__Data items__.
----

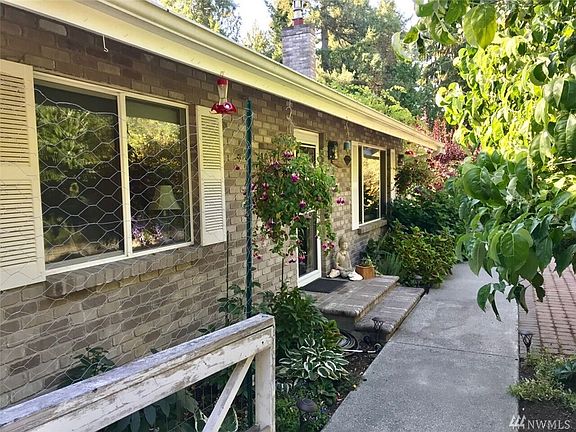 2nd image of 10104 109th Ave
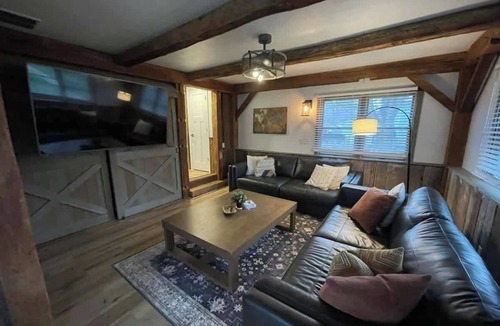 North Webster House | Lake Days & Family Nights | Webster Lake Retreat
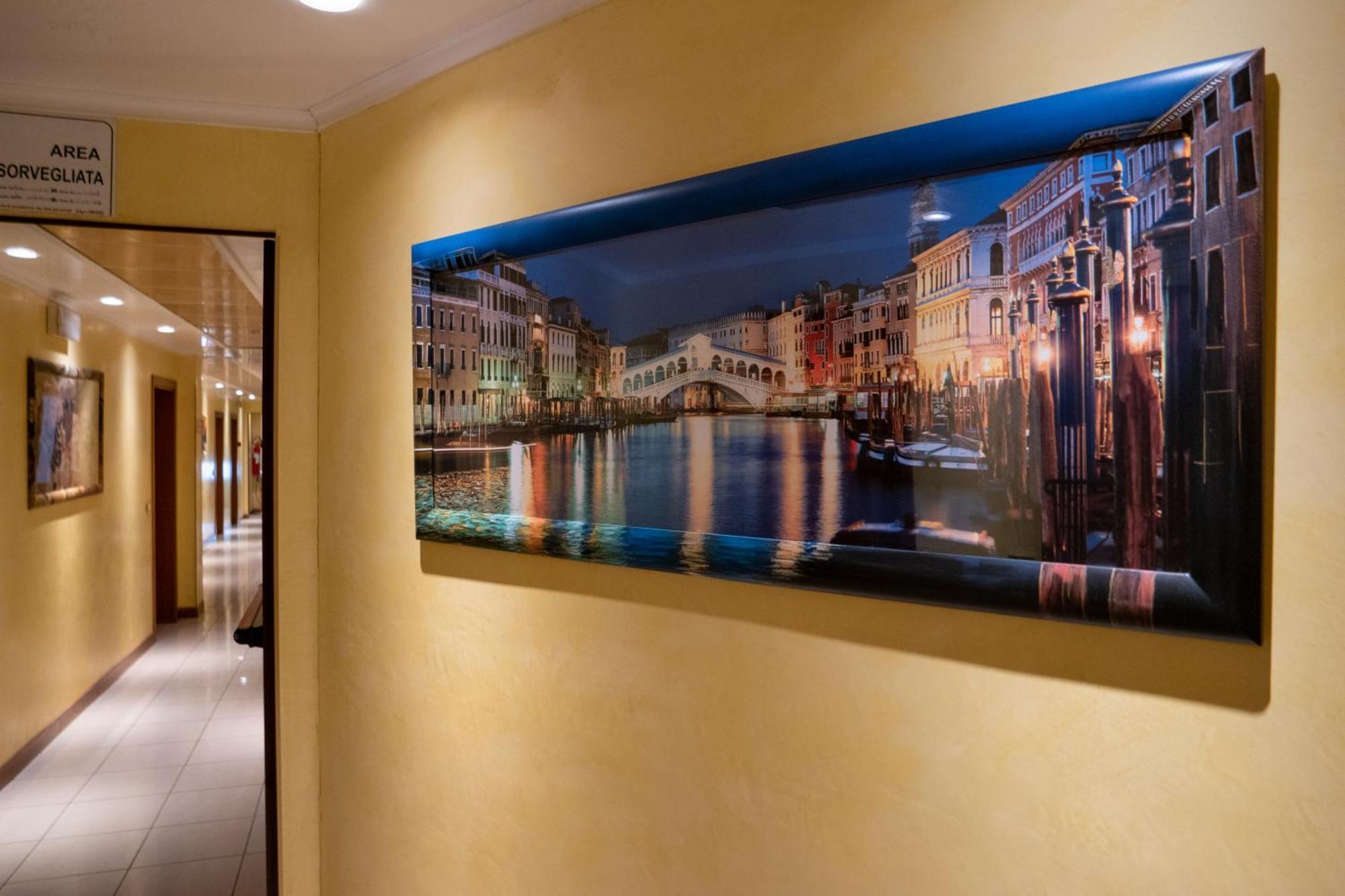 New Aurora Venice Hotel 2*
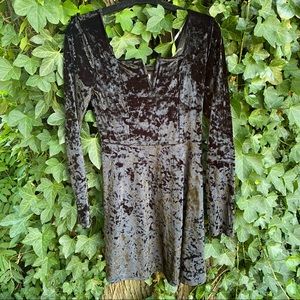 Black Crushed Velvet Dress 🖤 Square Sweetheart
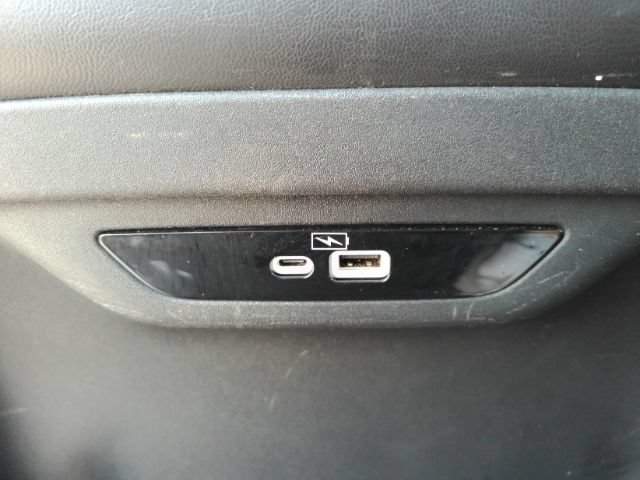 Used 2023 Chrysler Pacifica Limited FWD image 32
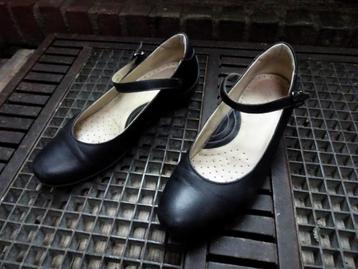 Maat 37 * Zwarte Ecco schoenen met apart hakje beschikbaar voor biedingen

----

Starting from the line containing "North Webster House", repeat each line exactly through the end of the entries, including the last, while leaving pictures out.

 North Webster House | Lake Days & Family Nights | Webster Lake Retreat
 New Aurora Venice Hotel 2*
 Black Crushed Velvet Dress 🖤 Square Sweetheart
 Used 2023 Chrysler Pacifica Limited FWD image 32
 Maat 37 * Zwarte Ecco schoenen met apart hakje beschikbaar voor biedingen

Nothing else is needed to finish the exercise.